Cette information sera particulièrement attendue lorsque le "Traité établissant une Constitution pour l'Europe » sera présenté aux citoyens européens et à leurs représentants parlementaires puisque certains Etats utiliseront dans le cadre de la ratification, soit par choix politique, soit par obligation constitutionnelle, la voie référendaire. Parmi les modifications significatives apportées par la Constitution européenne, il est intéressant de relever la place accordée à la consécration des valeurs communes de l'Union européenne. En effet, la Constitution mentionne explicitement les valeurs et les principes directeurs qui président aux actions et politiques de l'Union. Certes ces principes fondateurs existaient déjà dans les textes ou la jurisprudence communautaire. Mais la nouveauté réside dans la place prééminente qu'occupent de tels principes. Ces valeurs constituent le « socle » de la Constitution européenne alors qu'auparavant ces principes ne constituaient qu'un cadre pour l'action de l'Union.
Les valeurs communes de l'Union européenne : des principes fondateurs désormais constitutionnalisés
Avec l'adoption de la Charte des droits fondamentaux en 2000, s'est affirmée la volonté de renforcer le système de protection des libertés fondamentales dans l'Union européenne. Au-delà du souci consistant à offrir une plus grande lisibilité des textes applicables en la matière, la démarche qui animait les rédacteurs de la Constitution consistait également à développer le sentiment chez les Européens d'appartenir non pas à une organisation internationale classique mais à une communauté de valeurs. Le projet de traité constitutionnel prolonge cette démarche en insérant dès son deuxième article une liste précise des valeurs communes qui fondent l'Union européenne : « L'Union est fondée sur les valeurs de respect de la dignité humaine, de liberté, de démocratie, d'égalité, de l'Etat de droit ainsi que de respect des droits de l'homme, y compris des droits des minorités. Ces valeurs sont communes aux Etats membres dans une société caractérisée par le pluralisme, la non-discrimination, la tolérance, la justice, la solidarité et l'égalité entre les femmes et les hommes » (art. I-2).

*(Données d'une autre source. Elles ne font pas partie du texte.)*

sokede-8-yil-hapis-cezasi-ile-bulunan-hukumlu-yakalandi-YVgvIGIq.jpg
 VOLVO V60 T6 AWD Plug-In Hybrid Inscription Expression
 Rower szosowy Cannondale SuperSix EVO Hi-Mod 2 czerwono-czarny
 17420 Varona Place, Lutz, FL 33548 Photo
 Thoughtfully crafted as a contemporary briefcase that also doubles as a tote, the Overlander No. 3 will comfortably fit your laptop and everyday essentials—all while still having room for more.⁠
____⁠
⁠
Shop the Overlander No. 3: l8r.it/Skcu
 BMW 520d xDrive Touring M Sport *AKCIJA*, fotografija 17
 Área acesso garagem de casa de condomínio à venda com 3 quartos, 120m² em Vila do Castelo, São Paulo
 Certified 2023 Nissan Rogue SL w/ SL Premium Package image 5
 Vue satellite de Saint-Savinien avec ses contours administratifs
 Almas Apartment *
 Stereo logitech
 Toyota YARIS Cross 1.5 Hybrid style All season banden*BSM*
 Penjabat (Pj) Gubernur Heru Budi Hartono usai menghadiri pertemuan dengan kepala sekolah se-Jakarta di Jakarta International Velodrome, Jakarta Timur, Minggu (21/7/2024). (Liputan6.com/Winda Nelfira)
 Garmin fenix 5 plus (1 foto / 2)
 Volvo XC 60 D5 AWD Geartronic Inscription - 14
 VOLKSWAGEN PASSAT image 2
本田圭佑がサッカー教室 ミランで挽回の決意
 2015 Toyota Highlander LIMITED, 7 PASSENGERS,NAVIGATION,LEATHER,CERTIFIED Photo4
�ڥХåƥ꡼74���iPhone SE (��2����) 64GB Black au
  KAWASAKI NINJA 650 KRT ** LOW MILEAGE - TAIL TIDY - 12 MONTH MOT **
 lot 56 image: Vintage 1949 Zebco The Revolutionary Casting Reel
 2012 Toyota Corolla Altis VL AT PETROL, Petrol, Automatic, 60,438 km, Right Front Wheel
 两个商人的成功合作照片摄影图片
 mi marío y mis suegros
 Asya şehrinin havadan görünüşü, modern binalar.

« Dignité humaine », « liberté », « démocratie », « égalité », etc., des valeurs qui sont donc le socle de l'intégration poursuivie par l'Union de sorte que "l'Union est ouverte à tous les Etats européens qui respectent ses valeurs et qui s'engagent à les promouvoir en commun » ( 2ème alinéa de l'article I-1de la Constitution). Fixer clairement les valeurs fondatrices de l'Union européenne était donc d'autant plus important que le respect de ces valeurs s'érige comme une condition d'admission des nouveaux membres. Plus encore, la violation de ces principes par un Etat membre peut emporter des conséquences majeures pour l'Etat concerné. Le projet a en effet repris le mécanisme introduit par le traité d'Amsterdam consistant en cas de violation grave par un Etat membre aux valeurs communes de l'Union à suspendre certains droits découlant de l'application de la Constitution à l'Etat membre en question, y compris les droits de vote de l'Etat membre au sein du Conseil des ministres (article I-59).
Si l'entrée dans l'Union européenne puis l'exercice effectif des droits découlant de la Constitution sont subordonnés au respect et à la promotion des valeurs communes énoncées à l'article 2 du projet, il est impératif que ces valeurs soient réellement fondamentales et incontestables. Les rédacteurs ne pouvaient donc qualifier de valeurs communes des valeurs ayant un contenu juridique controversé. C'est la raison pour laquelle la liste ne pouvait contenir des valeurs qui s'apparentaient davantage à des objectifs qu'à une obligation juridique acceptée et établie. C'est ce qui explique que des termes tels que « le pluralisme, la tolérance, la justice", etc., aient été ajoutés pour décrire un modèle de société européenne mais n'aient pas été consacrés, à proprement parler, comme "valeurs".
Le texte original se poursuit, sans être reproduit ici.